(RECORDS PROVIDED)

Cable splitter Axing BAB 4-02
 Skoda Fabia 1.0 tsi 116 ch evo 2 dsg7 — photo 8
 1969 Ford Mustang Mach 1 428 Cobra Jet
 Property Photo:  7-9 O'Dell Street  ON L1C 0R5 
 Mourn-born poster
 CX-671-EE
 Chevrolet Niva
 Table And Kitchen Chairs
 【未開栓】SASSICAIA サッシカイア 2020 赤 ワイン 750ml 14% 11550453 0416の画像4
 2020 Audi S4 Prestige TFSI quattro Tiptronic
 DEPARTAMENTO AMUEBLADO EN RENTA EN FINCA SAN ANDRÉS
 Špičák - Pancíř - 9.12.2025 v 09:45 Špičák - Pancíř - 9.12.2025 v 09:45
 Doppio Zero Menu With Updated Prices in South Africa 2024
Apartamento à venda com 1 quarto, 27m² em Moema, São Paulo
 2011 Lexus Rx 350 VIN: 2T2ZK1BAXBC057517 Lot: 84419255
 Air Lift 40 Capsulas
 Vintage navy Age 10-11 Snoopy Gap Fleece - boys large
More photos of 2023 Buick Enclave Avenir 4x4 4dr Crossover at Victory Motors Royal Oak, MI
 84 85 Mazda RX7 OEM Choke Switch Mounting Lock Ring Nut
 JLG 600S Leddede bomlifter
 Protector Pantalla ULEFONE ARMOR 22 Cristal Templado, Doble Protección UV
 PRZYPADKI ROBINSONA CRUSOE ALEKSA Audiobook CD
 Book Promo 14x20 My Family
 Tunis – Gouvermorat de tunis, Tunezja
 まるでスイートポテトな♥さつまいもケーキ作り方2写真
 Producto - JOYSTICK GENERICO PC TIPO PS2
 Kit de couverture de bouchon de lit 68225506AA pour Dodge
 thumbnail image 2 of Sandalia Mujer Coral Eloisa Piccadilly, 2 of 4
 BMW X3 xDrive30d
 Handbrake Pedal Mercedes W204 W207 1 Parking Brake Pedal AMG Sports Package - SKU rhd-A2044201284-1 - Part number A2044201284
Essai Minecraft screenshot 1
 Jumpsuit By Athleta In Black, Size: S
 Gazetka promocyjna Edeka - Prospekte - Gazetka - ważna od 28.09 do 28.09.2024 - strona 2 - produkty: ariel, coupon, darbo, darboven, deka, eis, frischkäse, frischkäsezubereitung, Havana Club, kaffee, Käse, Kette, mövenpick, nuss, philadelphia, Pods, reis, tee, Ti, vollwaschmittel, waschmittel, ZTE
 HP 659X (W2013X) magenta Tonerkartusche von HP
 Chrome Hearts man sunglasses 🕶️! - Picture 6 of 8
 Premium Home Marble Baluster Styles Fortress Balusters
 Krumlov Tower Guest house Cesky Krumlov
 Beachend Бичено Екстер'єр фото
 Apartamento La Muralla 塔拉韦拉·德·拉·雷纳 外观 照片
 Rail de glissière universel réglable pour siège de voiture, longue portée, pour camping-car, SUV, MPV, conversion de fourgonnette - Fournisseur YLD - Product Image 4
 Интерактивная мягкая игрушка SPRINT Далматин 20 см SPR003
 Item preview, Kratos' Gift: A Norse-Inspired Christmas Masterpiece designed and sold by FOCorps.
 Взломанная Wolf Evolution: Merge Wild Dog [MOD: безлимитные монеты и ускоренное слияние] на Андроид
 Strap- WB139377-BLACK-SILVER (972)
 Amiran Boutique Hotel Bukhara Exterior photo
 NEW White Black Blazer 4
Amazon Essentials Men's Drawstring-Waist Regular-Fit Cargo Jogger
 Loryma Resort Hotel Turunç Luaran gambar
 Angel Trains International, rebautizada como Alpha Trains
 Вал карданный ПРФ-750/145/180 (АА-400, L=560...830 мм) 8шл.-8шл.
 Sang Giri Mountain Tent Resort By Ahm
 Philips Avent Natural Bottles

(End RECORDS PROVIDED)

In the entries, find the line containing "Взломанная Wolf Evolution: Merge" and output it and all remaining lines exactly.

- ANSWER TO THIS TASK -
 Взломанная Wolf Evolution: Merge Wild Dog [MOD: безлимитные монеты и ускоренное слияние] на Андроид
 Strap- WB139377-BLACK-SILVER (972)
 Amiran Boutique Hotel Bukhara Exterior photo
 NEW White Black Blazer 4
Amazon Essentials Men's Drawstring-Waist Regular-Fit Cargo Jogger
 Loryma Resort Hotel Turunç Luaran gambar
 Angel Trains International, rebautizada como Alpha Trains
 Вал карданный ПРФ-750/145/180 (АА-400, L=560...830 мм) 8шл.-8шл.
 Sang Giri Mountain Tent Resort By Ahm
 Philips Avent Natural Bottles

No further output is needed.